→ **TRY IT**
Output every entry below word for word, without its pictures.

→ **DATASET CONTENT**

════════════════════

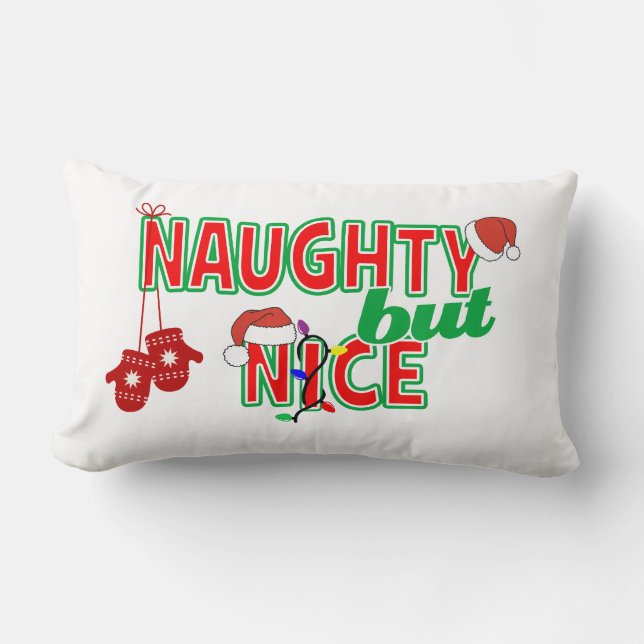 Naughty but Nice Funny Christmas 2 sided Lumbar Pillow (Front)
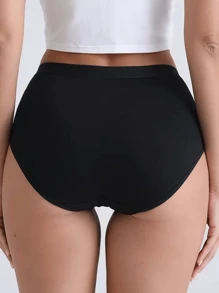 6pcs Women's Solid Color Casual Minimalist Comfortable Breathable Mid-Waist Panty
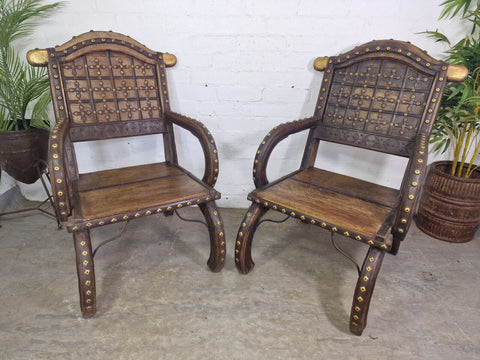 Pair Antique Indian 19th Century Solid Wooden Ox Cart Arm Chair Fire Side Seats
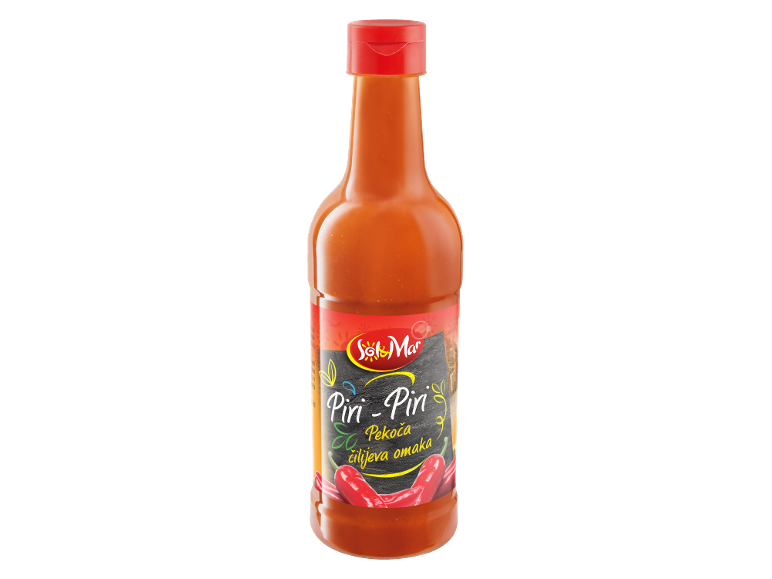 Steklenica Piri-Piri čili omake z rdečo in črno etiketo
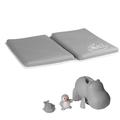 Bath Kneeler Pad Mat - Foldable Child Bath Tub Mat - Bath Spout Cover Gray Hippo - Kids Bathroom Accessories - Free Bathtub Toys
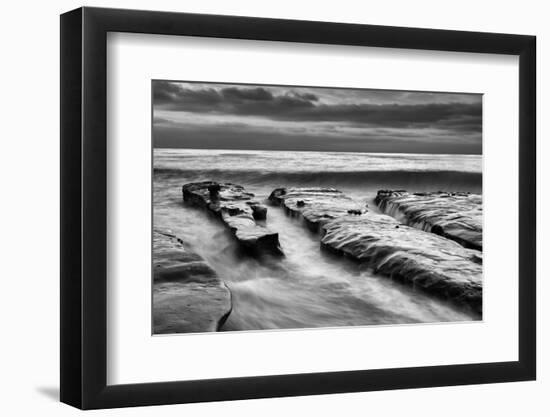 USA, California, La Jolla, Rising Tide and Waves at Coast Blvd at Dusk-Ann Collins-Framed Photographic Print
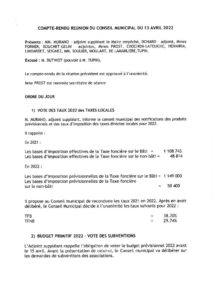 Compte rendu conseil municipal du 11 avril 2022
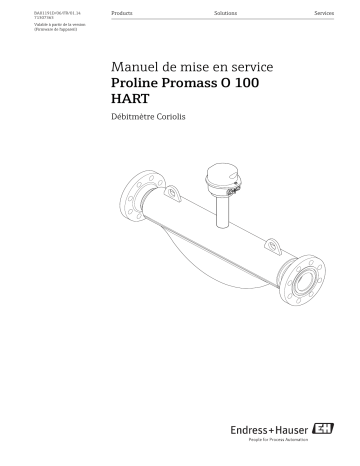 Endres+Hauser Proline Promass O 100 Mode d'emploi | Fixfr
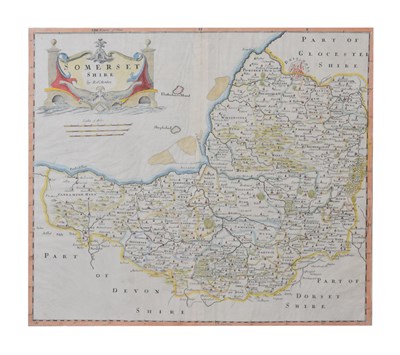 Lot 569 - Robert Morden - 18th century hand coloured map of Somersetshire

════════════════════

→ **TASK ANSWER**
 Naughty but Nice Funny Christmas 2 sided Lumbar Pillow (Front)
 6pcs Women's Solid Color Casual Minimalist Comfortable Breathable Mid-Waist Panty
 Pair Antique Indian 19th Century Solid Wooden Ox Cart Arm Chair Fire Side Seats
 Steklenica Piri-Piri čili omake z rdečo in črno etiketo
 Bath Kneeler Pad Mat - Foldable Child Bath Tub Mat - Bath Spout Cover Gray Hippo - Kids Bathroom Accessories - Free Bathtub Toys
 USA, California, La Jolla, Rising Tide and Waves at Coast Blvd at Dusk-Ann Collins-Framed Photographic Print
 Compte rendu conseil municipal du 11 avril 2022
 Endres+Hauser Proline Promass O 100 Mode d'emploi | Fixfr
 Lot 569 - Robert Morden - 18th century hand coloured map of Somersetshire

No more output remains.